Zookeeper cluster consistency protocol-ZAB algorithm

ZAB protocol is an atomic broadcast protocol specifically designed for distributed coordination service ZooKeeper to support crash recovery. In ZooKeeper, it mainly relies on the ZAB protocol to achieve distributed data consistency. Zookeeper is to establish a master-standby model according to the zab protocol to complete the data synchronization of the cluster (to ensure data consistency). In the Zookeeper cluster deployment , various roles of the Zookeeper cluster, such as Leader and Follower, are introduced, and the roles are introduced.
Insert picture description here


The master-standby architecture model in Zookeeper refers to that in the Zookeeper cluster, there is only one Leader (master node) responsible for processing external client transaction requests (write operations), and the Leader node is responsible for synchronizing the client's write operation data to all Follower node.
Insert picture description here

The core of the zab protocol is that there is only one node in the entire Zookeeper cluster, and the Leader converts all client write operations into transactions (Proposal is proposed). After the leader node finishes writing the data, it will send a data broadcast request (data replication) to all Follower nodes, and wait for the feedback of all Follower nodes. In the zab protocol, as long as more than half of the follower nodes feedback OK, the Leader node will send all Follower nodes to all Follower nodes. The server sends a commit message to synchronize the data on the Leader node to the Follower node.
Insert picture description here

Message broadcasting

We found that the entire process is actually similar to the Paxos protocol, which is divided into two stages. In fact, we can think of the zab protocol as the implementation of the Paxos algorithm. In the zab protocol, only half of the follower nodes are required to feedback OK. This is a mode in the ZAB protocol.Message broadcasting The specific steps are as follows:

  1. The client initiates a write operation request

  2. The Leader server converts the client's request request into a transaction proposal (Proposql), and at the same time assigns a globally unique 64-bit self-increment ID, ZXID, to each proposal (Proposql). Causal ordering can be achieved through the comparison of the size of ZXID. characteristic.

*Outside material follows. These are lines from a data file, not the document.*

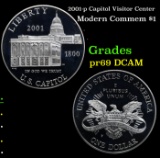 Proof 2001-p Capitol Visitor Center Modern Commem Dollar $1 Grades GEM++ Proof Deep Cameo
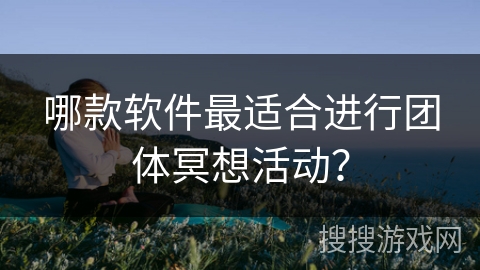 哪款软件最适合进行团体冥想活动？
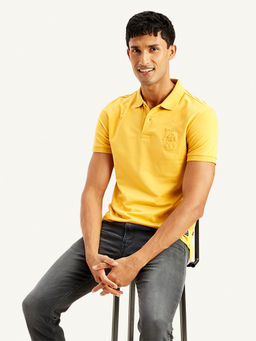 Levi's - Yellow Solid Slim Fit Polo T-Shirt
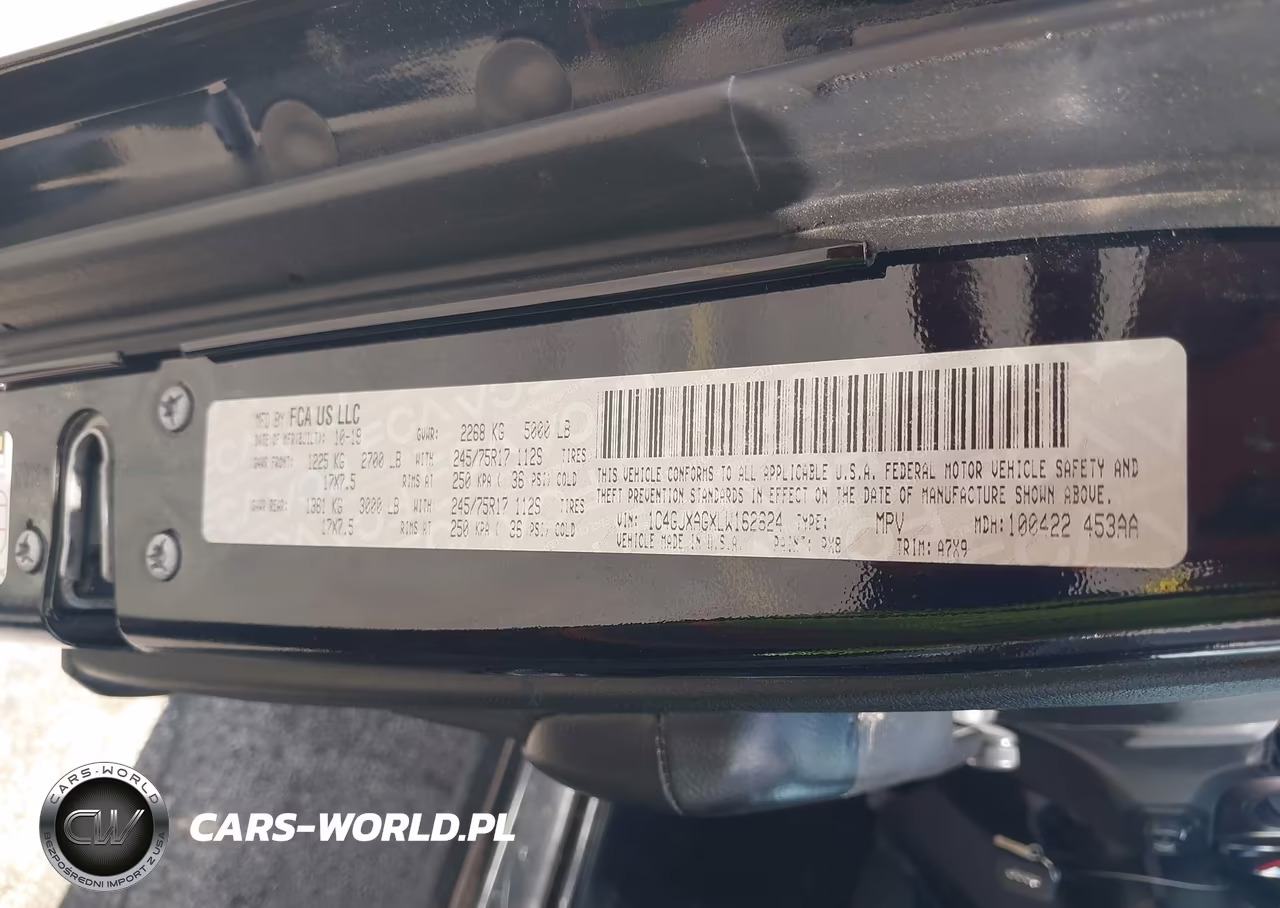 2020 Jeep Wrangler Sport 4X4 VIN:1C4GJXAGXLW162624 - 9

  3. There is a first-in-first-out queue between the Leader server and each Follower (implemented through the TCP protocol to achieve the feature of global order), and the Leader will send the message with ZXID as a proposal To the queue to notify all Followers

  4. The Follower machine takes the message from the queue for processing, and after processing is completed (written in the local transaction log), it sends an ACK confirmation to the Leader server

  5. After the Leader server receives more than half of the Follower's ACK, it considers that it can send a commit

  6. Leader sends commit messages to all Follower servers
    Insert picture description here

Above did not like the coherence protocol - Paxos algorithm , as in have multiple proponent (Proposer), in coherence protocol - Paxos algorithm eventually mentioned, it is to ensure that the activity of its algorithm, to avoid falling into an infinite loop.

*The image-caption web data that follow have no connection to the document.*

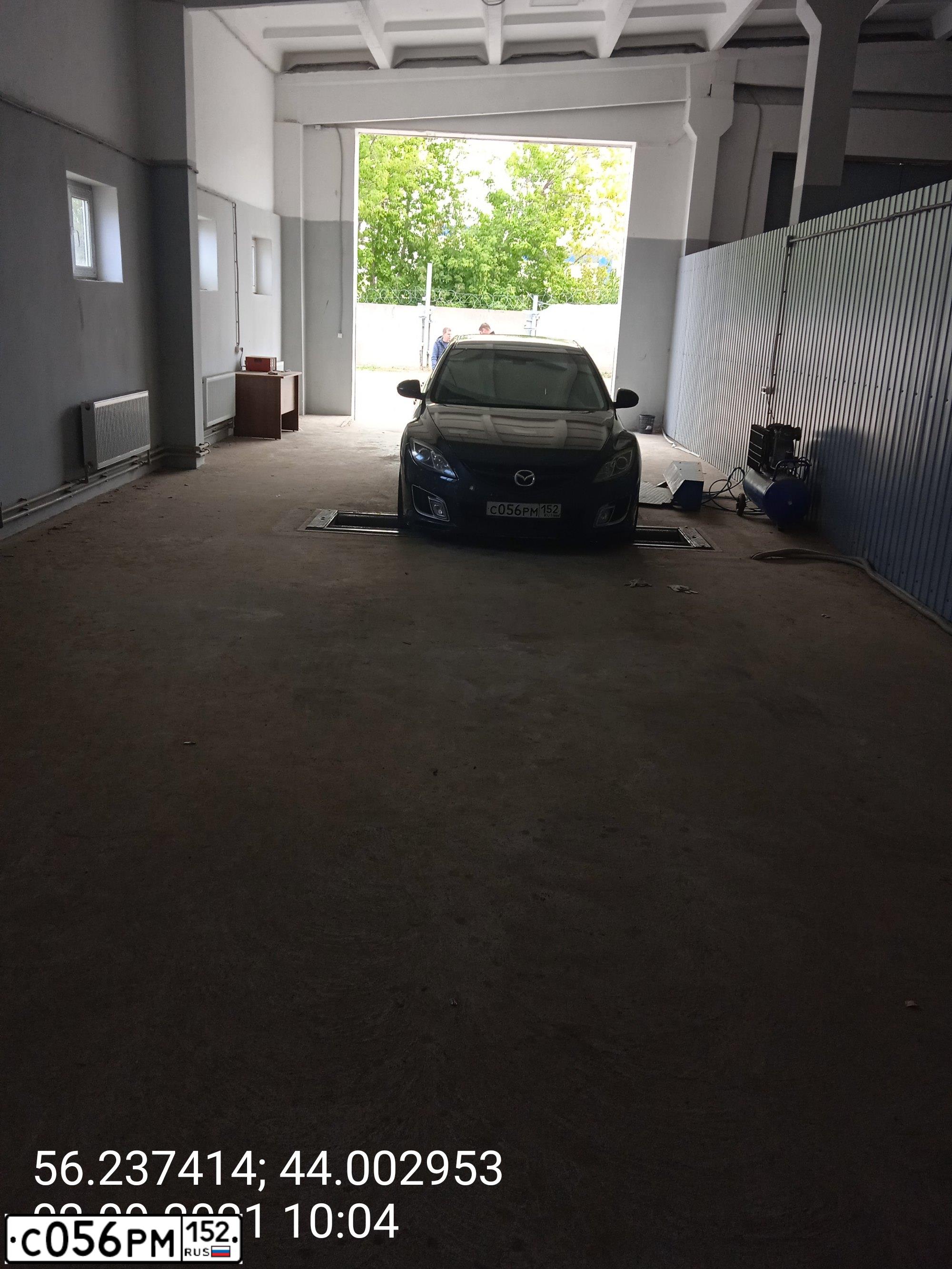 Фото автомобиля MAZDA 6, 2007 — госномер С056РМ152. Цвет: ЧЕРНЫЙ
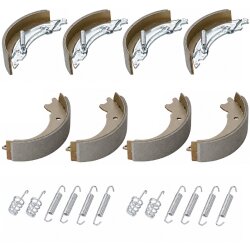8x Bremsbeläge Anhänger 200x50 Bremsbacken kompatibel für Knott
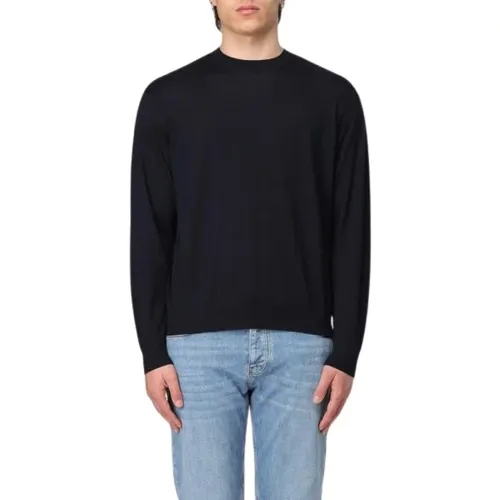 Blaue Pullover für Männer , Herren, Größe: M - Emporio Armani - Modalova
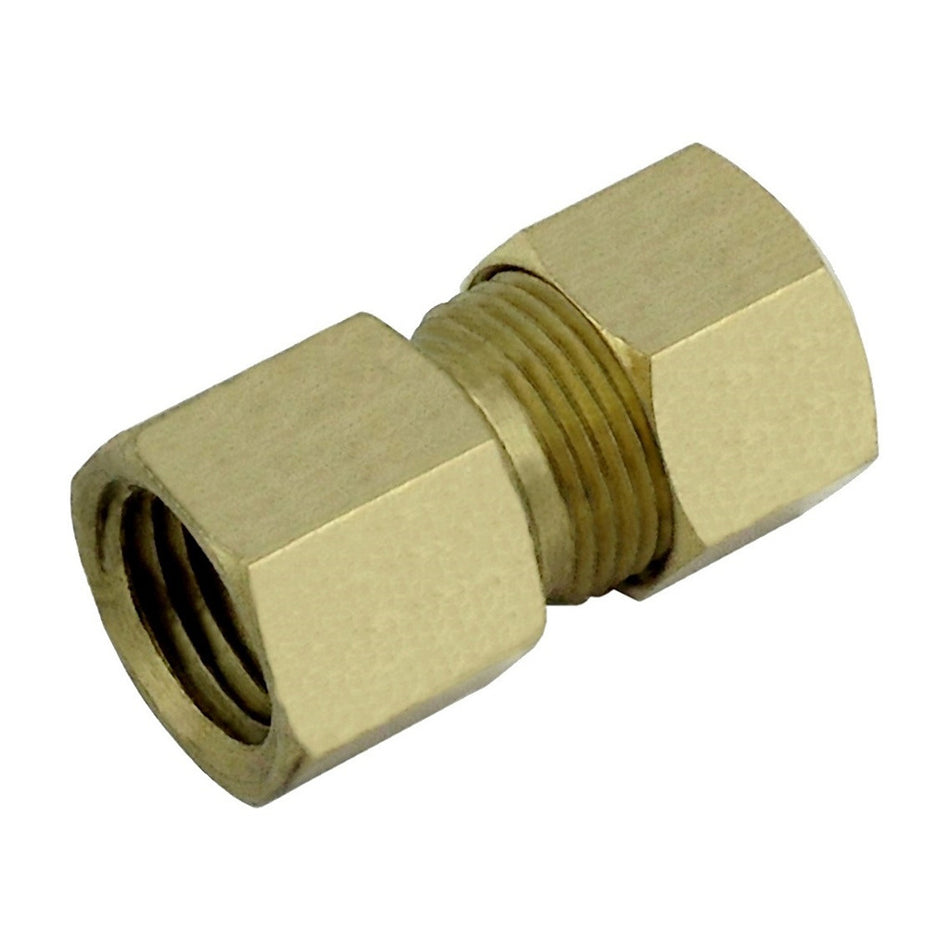 Compression Connector 3/8inC X 1/4inFpt Brass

In addition, in order to further prevent blocking, there is a separate queue between the Leader server and each Follower to send and receive messages. Using queue messages can achieve asynchronous decoupling. Just send a message to the queue between Leader and Follower. If the synchronization method is used, it is easy to cause blocking. The performance is much lower.




Crash recovery

In addition to the above-mentioned message recovery, another important part of the ZAB agreement isCrash recoveryTo ensure that all processes in the Zookeeper cluster can be executed in an orderly manner, only the Leader server accepts write requests. Even if the Follower server receives a client request, it will be forwarded to the leader server for processing.

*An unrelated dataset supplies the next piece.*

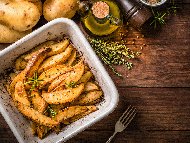 Рецепта Картофи по селски с домашен провансалски микс на фурна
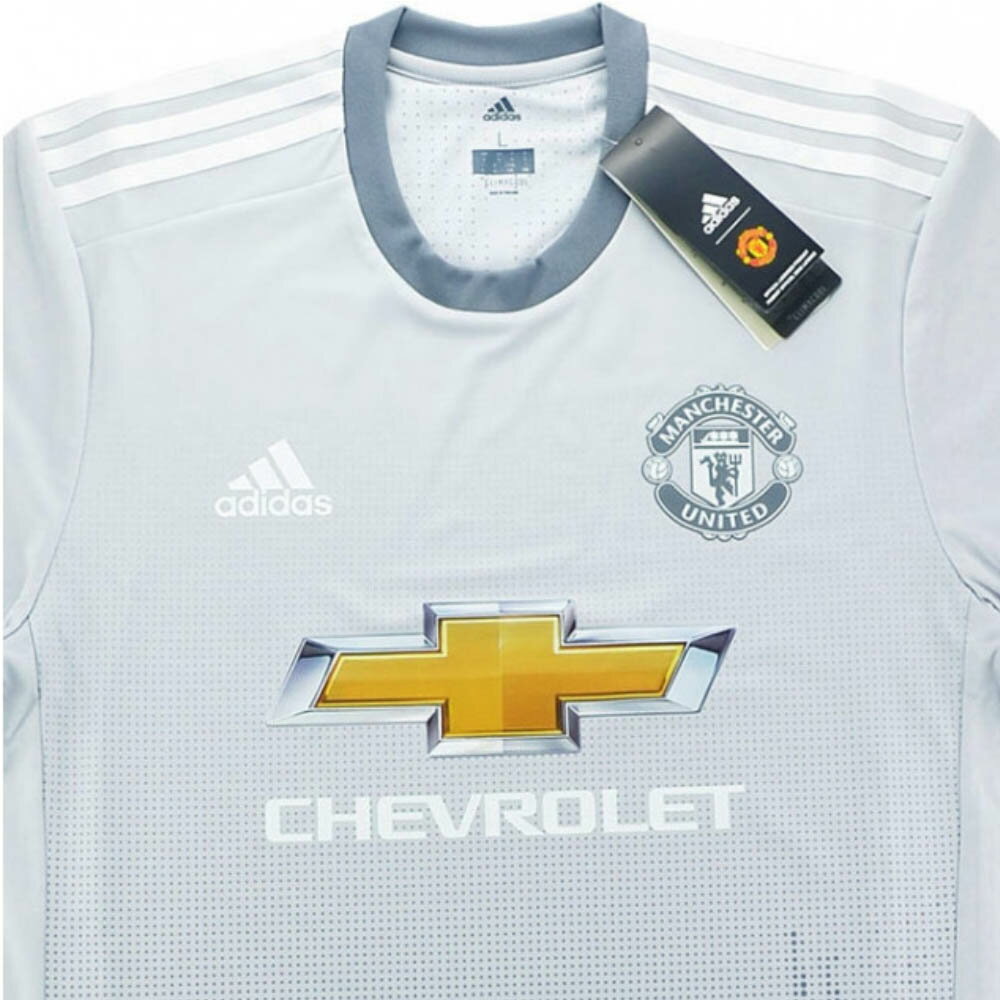 ポール・ポグバ ユニフォーム マンチェスター・ユナイテッド アディダス Adidas サード ホワイト 2017-18 オーセンティック メンズ 半袖ネット注文 サッカー 用品 セール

However, if the Leader server crashes (restart is a special crash, and there is no Leader at this time), the zab protocol requires the Zookeeper cluster to perform crash recovery and Leader server election (during this period, the node is temporarily unavailable and the node status is LOOKING ), For example, there are currently 5 servers, Server1 is the Leader server. At this time, Server1 and Server have found a fault and crashed. At this time, the process of crash recovery and Leader server election is as follows:
Insert picture description here

  1. Each server will issue a vote, the first time is to vote for themselves. Voting information: (myid, ZXID)
  2. Collect votes from various servers
  3. Process the vote and re-vote,Processing logic: compare ZXID first, then compare myid
  4. Statistical voting, as long as more than half of the machines receive the same voting information, the Leader can be determined
  5. Change server status

Here we take a look, how to compare ZXID first, and choose the node with the larger ZXID as the Leader? Because the crash recovery requirements in the ZAB protocol meet the following 2 requirements:

  1. Make sure that the proposal (Proposal) submitted by the Leader must be finally submitted by all Follower servers
  2. Make sure to discard the proposal that has been submitted by the leader but has not been submitted (Proposal)

Therefore, the newly elected Leader node contains the highest ZXID, which can ensure that the Leader server can get the latest data. The advantage of this is that it can avoid the submission and discarding of the Leader Server ’s inspection proposal (Proposal).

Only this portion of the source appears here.